Hilary Mantel is an expert on the royal body; the mythology and reality of the nobility once anointed by God and now anointed by fame. In 2013, her controversial essay on Kate Middleton in the London Review of Books compared the future Princess of Wales to her predecessor: “Kate seems to have been selected for her role of princess because she was irreproachable: as painfully thin as anyone could wish, without quirks, without oddities, without the risk of the emergence of character. She appears precision-made, machine-made, so different from Diana whose human awkwardness and emotional incontinence showed in her every gesture.”

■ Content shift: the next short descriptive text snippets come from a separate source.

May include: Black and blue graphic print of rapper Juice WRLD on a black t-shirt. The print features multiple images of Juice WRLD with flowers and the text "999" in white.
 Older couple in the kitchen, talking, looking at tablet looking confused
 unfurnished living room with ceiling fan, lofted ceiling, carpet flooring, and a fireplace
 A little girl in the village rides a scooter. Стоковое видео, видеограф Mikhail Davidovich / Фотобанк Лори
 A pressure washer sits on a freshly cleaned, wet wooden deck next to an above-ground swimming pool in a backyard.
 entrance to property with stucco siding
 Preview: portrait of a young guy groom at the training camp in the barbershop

At the Guardian, Mantel now takes on Diana herself, 20 years after her death. How could time have passed so quickly, she wonders? Royal time passes in centuries, in generations, and as Diana passes through our collective consciousness once more, Mantel considers the reality of Diana’s “fairytale” existence:

By her own account, Diana was not clever. Nor was she especially good, in the sense of having a dependable inclination to virtue; she was quixotically loving, not steadily charitable: mutable, not dependable: given to infatuation, prey to impulse. This is not a criticism. Myth does not reject any material. It only asks for a heart of wax. Then it works subtly to shape its subject, mould her to be fit for fate. When people described Diana as a “fairytale princess”, were they thinking of the cleaned-up versions? Fairytales are not about gauzy frocks and ego gratification. They are about child murder, cannibalism, starvation, deformity, desperate human creatures cast into the form of beasts, or chained by spells, or immured alive in thorns. The caged child is milk-fed, finger felt for plumpness by the witch, and if there is a happy-ever-after, it is usually written on someone’s skin.